I had no idea who she was. None. Didn't look Jewish. Clearly not frum if she was. Someone from work? Someone I talk to and email but never see? Friend of friend? Someone from college? From grad school? Uh...

I stared. No clue.

Then I realized that standing right in front of me was a little girl, somewhere between Barak and Iyyar in age. Emily. I burst out laughing and it was her mother's turn to stare at me.

"I'm also Emily. I thought you were talking to me and I could not figure out if I knew you!" I looked down at Emily #2 and said, "Did you know that your mommy picked the nicest, prettiest, most beautiful name in the whole wide world for you?" Emily #2 flushed and grinned and sidled up shyly to her mother.
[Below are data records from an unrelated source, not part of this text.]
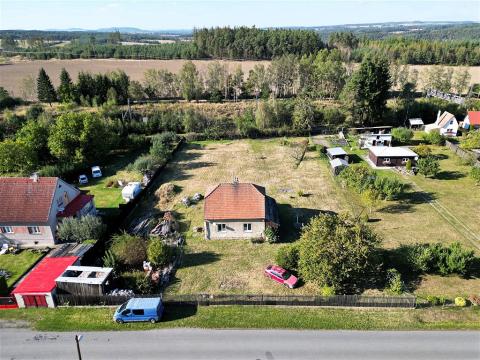 Prodej rodinného domu, Pňovany, 76 m2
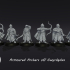 Armoured Archers of Gwyrdgalas image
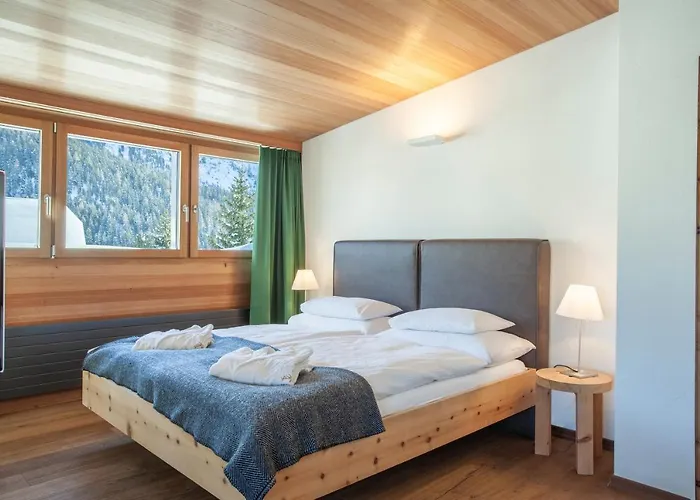 Appartments Cervus Saint-Moritz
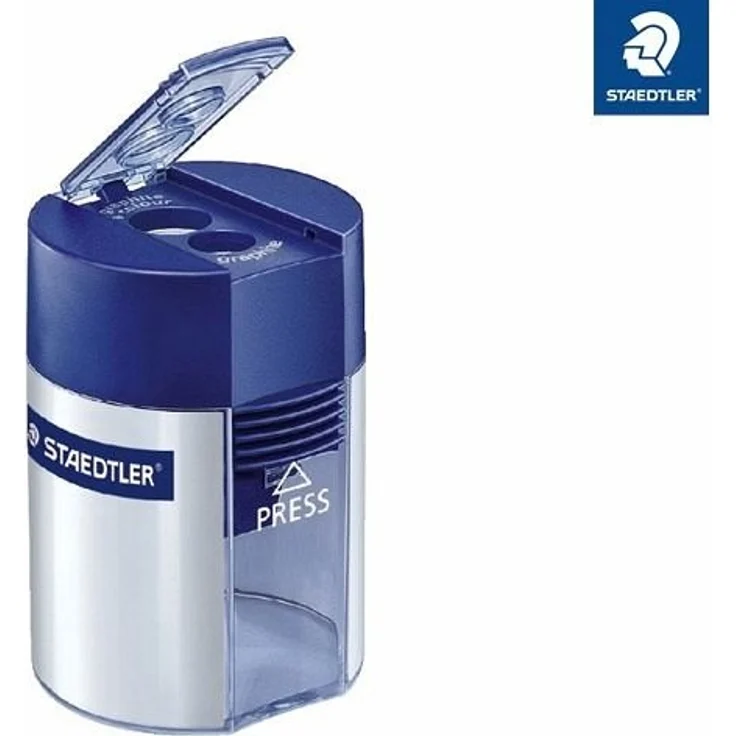 "Staedtler Doppelspitzdose - rund" - Preisvergleich – Bild 2
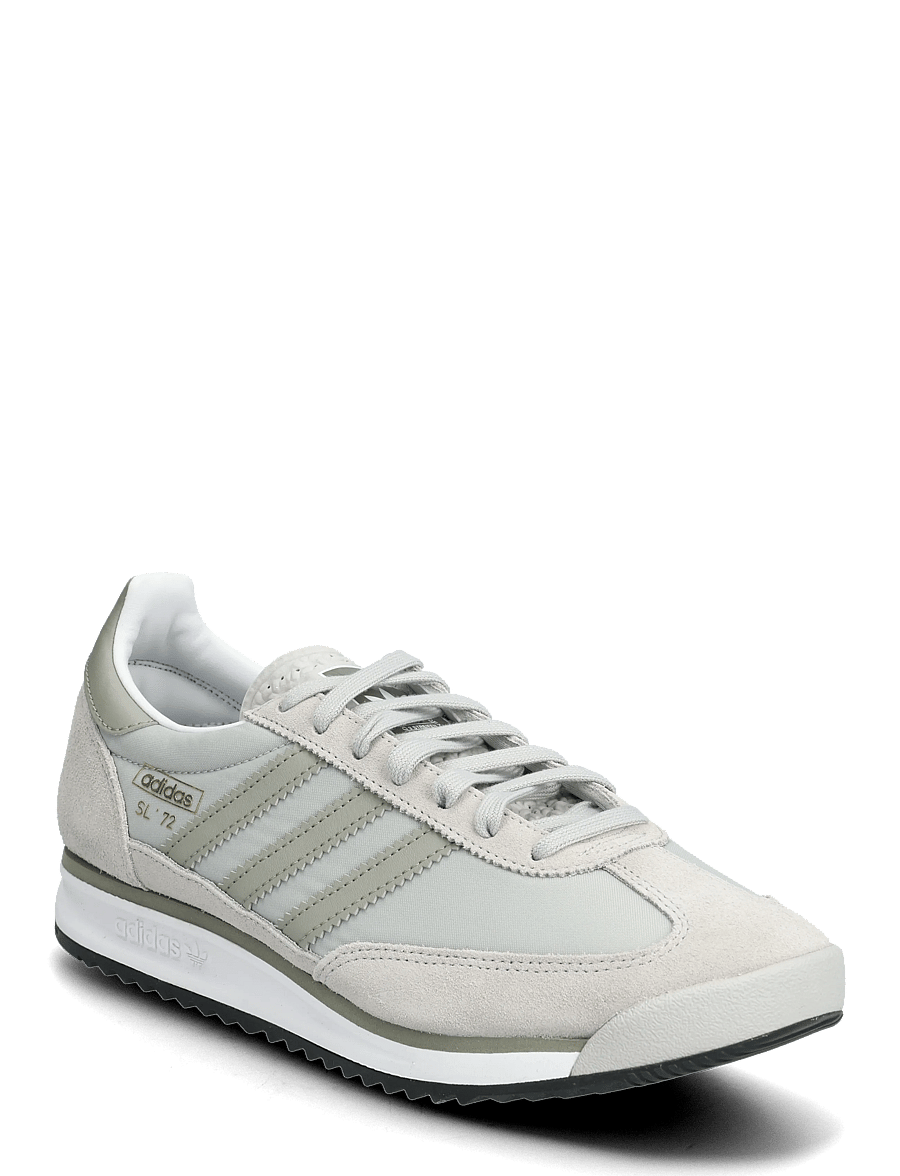adidas Originals - SL 72 RS - niedriger schnitt - gretwo/silpeb/ftwwht - 0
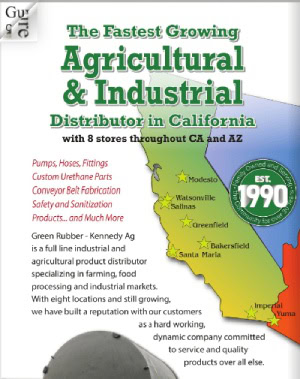 Central Coast Agriculture - Summer 2022 Full Page Ad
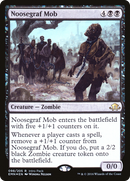 Noosegraf Mob (UMP-098)  Foil - Eldritch Moon Promos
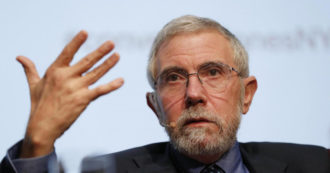 Copertina di Carbon tax sulle importazioni, il premio Nobel Krugman: “Indispensabile per fermare la minaccia ambientale. Non è protezionismo”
It was cute. And it is a nice name. There are just an awful lot of us around right now. Mostly under aged ten!

Monday, February 22, 2010

If you will permit me a little nachas

Last week was rough. Sunday night I came down with a wicked sore throat and then fever which it took me until Wednesday morning to realize was strep. Once I went to the doctor and got penicillin it got better pretty quickly, but that was after more than three straight days of being good for very little. Barak does not react well to an out-of-commission mother and there have been tantrums, usually in the plural, every day; Iyyar is three and a half and has been, ah, trying, and of course Marika and Avtalyon need a lot of attention too. Thursday night I literally got two hours of sleep--Marika simply would not go to sleep, even snuggled in bed with me, and then Friday I had to make Shabbos since I'd been so out of it all week I'd done nothing. And the boys were all completely off the wall the whole afternoon and most of Shabbos too.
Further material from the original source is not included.